REQUIRED ACTION: All of the data should be restated word for word, with the pictures omitted.

DATA EXTRACT:
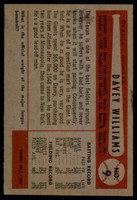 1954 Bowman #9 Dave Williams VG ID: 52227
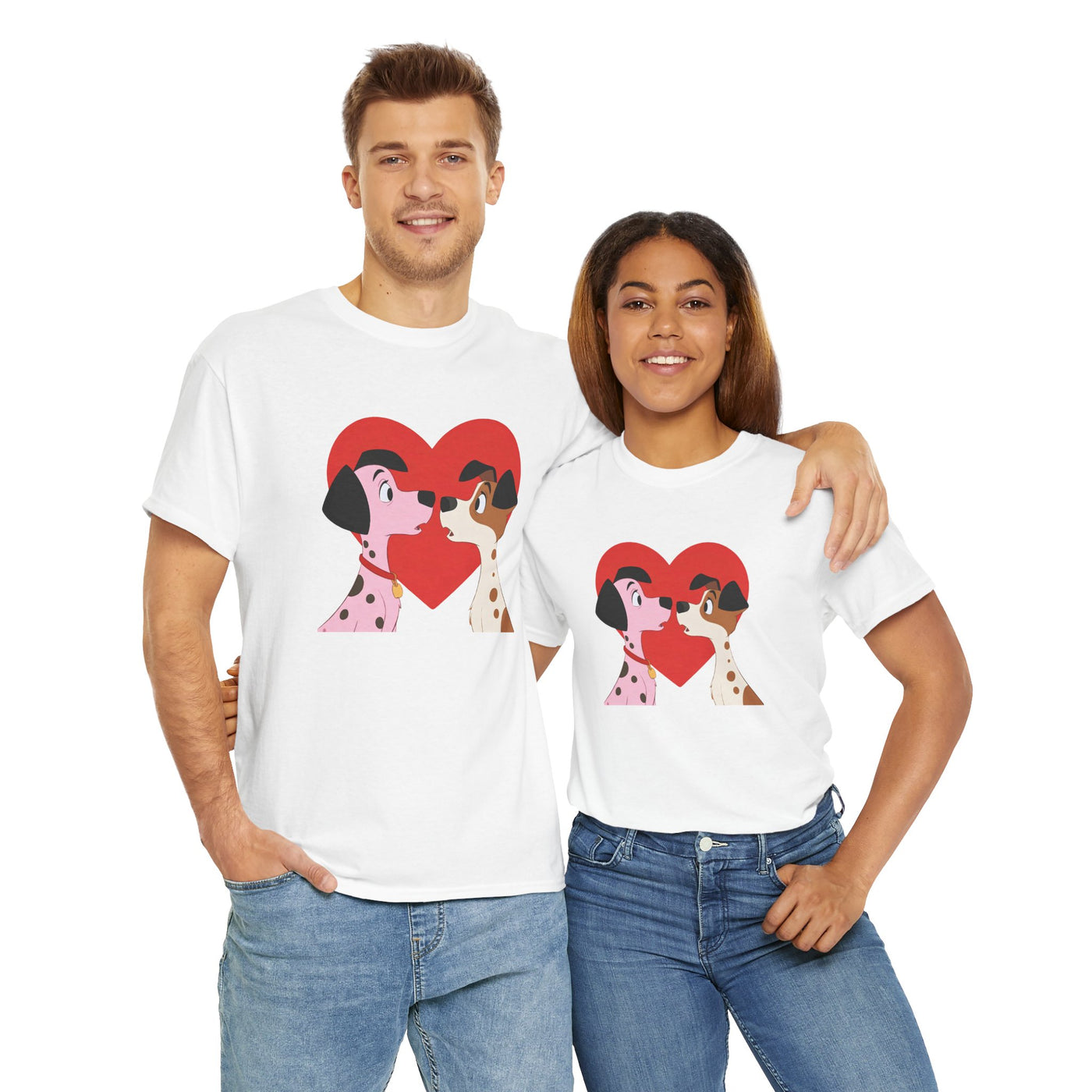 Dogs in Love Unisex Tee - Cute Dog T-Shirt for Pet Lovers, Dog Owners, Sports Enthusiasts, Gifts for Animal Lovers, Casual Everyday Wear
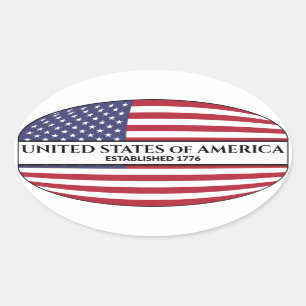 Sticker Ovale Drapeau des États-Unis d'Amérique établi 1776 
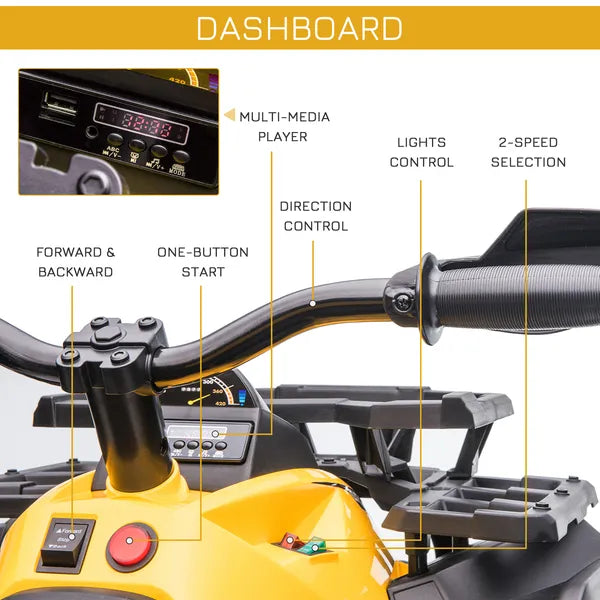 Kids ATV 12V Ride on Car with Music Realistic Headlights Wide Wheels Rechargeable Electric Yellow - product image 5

RESULT OF THE EXERCISE:
 1954 Bowman #9 Dave Williams VG ID: 52227
 Dogs in Love Unisex Tee - Cute Dog T-Shirt for Pet Lovers, Dog Owners, Sports Enthusiasts, Gifts for Animal Lovers, Casual Everyday Wear
 Sticker Ovale Drapeau des États-Unis d'Amérique établi 1776 
 Kids ATV 12V Ride on Car with Music Realistic Headlights Wide Wheels Rechargeable Electric Yellow - product image 5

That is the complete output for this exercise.